Livv
Décisions

Conseil Conc., 7 mars 1995, n° 95-D-21

CONSEIL DE LA CONCURRENCE

Décision

Saisine de la société anonyme Théâtre de la Renaissance concernant des pratiques de la société civile de perception et de distribution des droits des artistes-interprètes de la musique et de la danse (Spedidam)

COMPOSITION DE LA JURIDICTION

Délibéré sur le rapport de M. Claude Duboz, par M. Barbeau, président, MM. Blaise, Gicquel, Pichon, Robin, Sargos, Urbain, membres.

Conseil Conc. n° 95-D-21

7 mars 1995

Le Conseil de la concurrence (section II)

Vu la lettre enregistrée le 19 juin 1991 sous le numéro F 416 par laquelle la société anonyme Théâtre de la Renaissance a saisi le Conseil de la concurrence de pratiques mises en œuvre par la Société civile de perception et de distribution des droits des artistes-interprètes de la musique et de la danse (Spedidam) qu'elle estime anticoncurrentielles ; Vu le traité du 25 mars 1957 modifié, instituant la Communauté européenne, et notamment ses articles 85 et 86 ; Vu l'ordonnance n° 86-1243 du 1er décembre 1986 modifiée, et le décret n° 86-1309 du 29 décembre 1986 modifié, pris pour son application ; Vu le Code du travail ; Vu le Code de la propriété intellectuelle ; Vu les observations présentées par les parties et par le commissaire du Gouvernement ; Vu la décision n° 93-D-22 du Conseil de la concurrence en date du 9 juin 1993 ; Vu les autres pièces du dossier ; Le rapporteur, le rapporteur général et le commissaire du Gouvernement entendus, la société Théâtre de la Renaissance ayant été régulièrement convoquée ; Adopte la décision fondée sur les constatations (I) et sur les motifs (II) ci-après exposés:

I - CONSTATATIONS

A - Les caractéristiques du marché

Les droits voisins du droit d'auteur sont définis par la Convention internationale sur la protection des artistes- interprètes ou exécutants, des producteurs de phonogrammes et des organismes de radiodiffusion, signée à Rome le 26 octobre 1961, dont le Parlement français a autorisé la ratification par la loi n° 86-1300 du 23 décembre 1986 et dont l'entrée en vigueur en France a été fixée au 3 juillet 1987. La France avait déjà déterminé les modalités d'exercice de ces droits dans le titre II de la loi n° 85-660 du 3 juillet 1985 relative aux droits d'auteur et aux droits des artistes-interprètes, des producteurs de phonogrammes et de vidéogrammes et des entreprises de communication audiovisuelle ; le titre IV de ladite loi est relatif aux sociétés de perception et de répartition de ces droits.

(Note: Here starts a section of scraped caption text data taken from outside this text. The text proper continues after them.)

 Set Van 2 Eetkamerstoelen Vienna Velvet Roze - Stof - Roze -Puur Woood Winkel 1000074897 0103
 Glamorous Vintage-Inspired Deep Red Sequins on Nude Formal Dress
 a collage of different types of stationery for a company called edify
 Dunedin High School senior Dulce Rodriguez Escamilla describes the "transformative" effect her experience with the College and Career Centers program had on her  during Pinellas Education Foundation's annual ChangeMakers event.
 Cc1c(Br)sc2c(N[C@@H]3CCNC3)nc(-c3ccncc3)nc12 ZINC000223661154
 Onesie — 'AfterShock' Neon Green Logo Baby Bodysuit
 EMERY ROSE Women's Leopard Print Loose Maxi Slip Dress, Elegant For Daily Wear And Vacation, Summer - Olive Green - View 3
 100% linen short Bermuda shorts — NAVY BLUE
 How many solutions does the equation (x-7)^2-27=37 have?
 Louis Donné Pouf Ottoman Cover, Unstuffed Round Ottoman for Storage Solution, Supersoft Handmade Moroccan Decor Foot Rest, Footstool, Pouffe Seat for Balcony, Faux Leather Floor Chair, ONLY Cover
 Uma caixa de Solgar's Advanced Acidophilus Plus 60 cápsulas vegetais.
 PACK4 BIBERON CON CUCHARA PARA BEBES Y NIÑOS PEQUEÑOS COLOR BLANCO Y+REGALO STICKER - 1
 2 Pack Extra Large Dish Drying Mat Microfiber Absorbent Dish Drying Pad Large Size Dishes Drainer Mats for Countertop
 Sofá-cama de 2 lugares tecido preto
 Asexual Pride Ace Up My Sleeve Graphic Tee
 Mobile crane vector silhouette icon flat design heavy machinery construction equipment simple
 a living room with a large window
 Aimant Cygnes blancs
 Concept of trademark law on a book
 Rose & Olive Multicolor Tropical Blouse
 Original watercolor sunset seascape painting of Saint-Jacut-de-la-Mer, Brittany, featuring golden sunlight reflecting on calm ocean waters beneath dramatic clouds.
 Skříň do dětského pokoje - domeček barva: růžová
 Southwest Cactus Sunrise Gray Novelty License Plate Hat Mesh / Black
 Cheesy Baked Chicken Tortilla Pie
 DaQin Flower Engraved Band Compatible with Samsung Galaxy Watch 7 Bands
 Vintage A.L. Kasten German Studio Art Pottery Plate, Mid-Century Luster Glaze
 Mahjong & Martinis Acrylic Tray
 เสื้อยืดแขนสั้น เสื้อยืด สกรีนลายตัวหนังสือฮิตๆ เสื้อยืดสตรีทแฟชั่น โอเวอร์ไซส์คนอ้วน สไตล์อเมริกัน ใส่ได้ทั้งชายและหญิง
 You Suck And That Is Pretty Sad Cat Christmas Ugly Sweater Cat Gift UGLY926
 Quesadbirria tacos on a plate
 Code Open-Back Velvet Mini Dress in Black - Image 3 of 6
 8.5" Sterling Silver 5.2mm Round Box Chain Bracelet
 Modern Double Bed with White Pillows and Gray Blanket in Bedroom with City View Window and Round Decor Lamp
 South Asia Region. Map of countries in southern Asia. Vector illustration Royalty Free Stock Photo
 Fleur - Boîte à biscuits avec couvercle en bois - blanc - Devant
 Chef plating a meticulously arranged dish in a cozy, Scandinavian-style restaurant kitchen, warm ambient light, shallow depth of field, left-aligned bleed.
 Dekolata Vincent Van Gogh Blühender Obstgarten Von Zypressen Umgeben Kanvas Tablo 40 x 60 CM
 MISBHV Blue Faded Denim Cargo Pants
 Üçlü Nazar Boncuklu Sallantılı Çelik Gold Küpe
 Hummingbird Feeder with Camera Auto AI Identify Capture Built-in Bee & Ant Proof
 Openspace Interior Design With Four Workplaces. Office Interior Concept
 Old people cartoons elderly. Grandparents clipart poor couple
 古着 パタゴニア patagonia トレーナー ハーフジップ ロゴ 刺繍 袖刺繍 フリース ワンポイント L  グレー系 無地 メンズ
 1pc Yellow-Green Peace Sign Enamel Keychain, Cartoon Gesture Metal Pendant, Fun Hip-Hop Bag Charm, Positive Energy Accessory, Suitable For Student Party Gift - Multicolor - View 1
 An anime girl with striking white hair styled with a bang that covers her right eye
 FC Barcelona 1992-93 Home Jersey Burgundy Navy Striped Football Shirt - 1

L'ensemble de ces dispositions a été codifié dans le Code de la propriété intellectuelle.

La Spedidam, créée le 22 mai 1959, sous forme de société civile avec pour objet la défense des droits des artistes-interprètes en matière d'enregistrement, de diffusion ou de réutilisation des œuvres, a reçu compétence à la suite de l'entrée en vigueur de la loi du 3 juillet 1985, pour percevoir et répartir les rémunérations des artistes-interprètes autres que ceux dont les noms figurent sur l'étiquette du phonogramnie ou au générique du vidéogramme ou du programme diffusé en direct.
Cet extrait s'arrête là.